I am Pricklepear

May 02, 2003 14:49

What you have to understand about me is that I am an asshole.

For starters, I hate people. Not individuals, but people in general I can live without. Any old reason will do, be it racially, socially, or sexually related. Especially sexually. I don't hate sexually attractive people, per se, but I'm perfectly comfortable objectifying them.

In fact, objectifying people makes me ecstatic. Hardly a day goes by that doesn't find me pulling meg after meg of the most brutal pornography off the Internet, wanking away all the while. It's better than the real deal, it really is. I don't have to talk to anyone, don't have to worry about measuring up to anyone's expectations but my own. And there are no rules. I can look at the most vile, degraded, profane acts ever committed in a bedroom, and there's no one to call me perverted or a menace to society.

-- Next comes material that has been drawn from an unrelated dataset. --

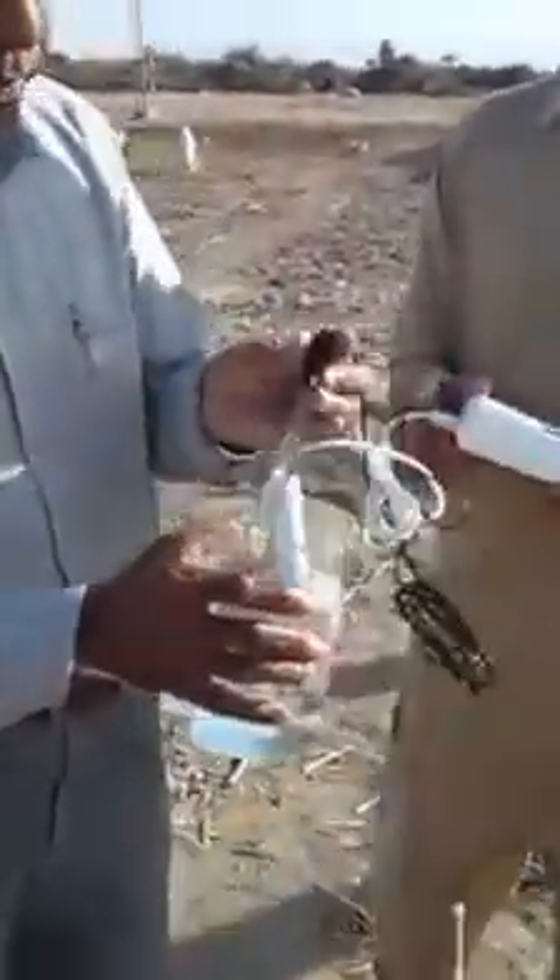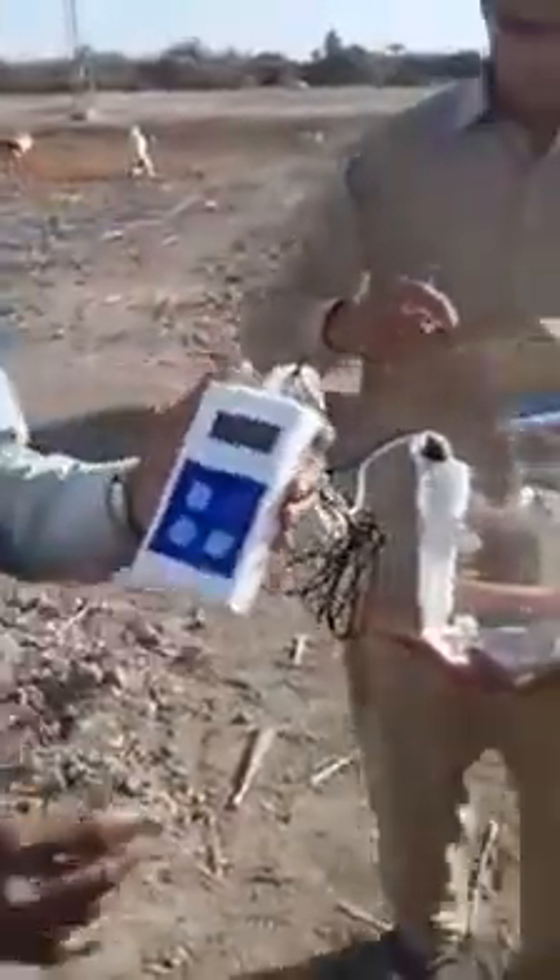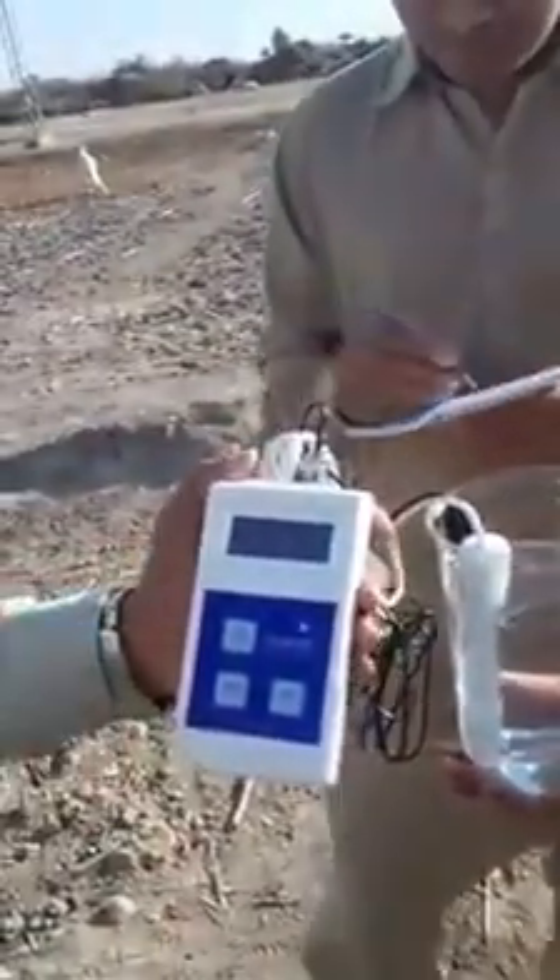I am now inserting the TDS probe and pH probe into the water sample. As you can see, the reading shows 7.4 pH. This is within the safe limit, as WHO specifies a safe range of 6.5 to 8.5 — so this value is quite safe.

I don't define myself as an asshole. I'm not some self-loathing misanthrope who does nothing but wander around being nasty to people. I think I'm actually quite a decent person most of the time, and most of my friends agree. But as with any human, there are aspects of my personality that I despise, aspects that I would never begin to consider discussing with even the closest of friends. Sometimes I lie awake at night wondering if I'll ever get caught.

Those are the aspects you'll be reading about here. I have another journal for my "good" side, the "real" (i.e., publicly acceptable) me. You don't get to read that, though.